**EXERCISE DETAILS**.
Reproduce exactly the span of lines beginning at the one with "Joachim Pastor feat" and ending at the last line of the data below, omitting pictures.

**DATA BELOW**.
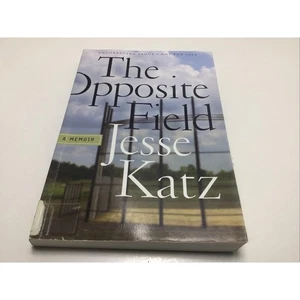 2009 The Opposite Field 1st Edition Uncorrected Proof Not For Resale Jesse Katz - Imagen 1 de 3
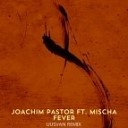 Joachim Pastor feat Mischa - Fever UUSVAN Remix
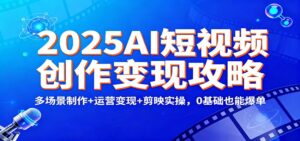 2025AI短视频创作变现攻略：多场景制作+运营变现+剪映实操，0 基础也能爆单-川川创富网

**RESULT OF THIS EXERCISE**.
 Joachim Pastor feat Mischa - Fever UUSVAN Remix
 2025AI短视频创作变现攻略：多场景制作+运营变现+剪映实操，0 基础也能爆单-川川创富网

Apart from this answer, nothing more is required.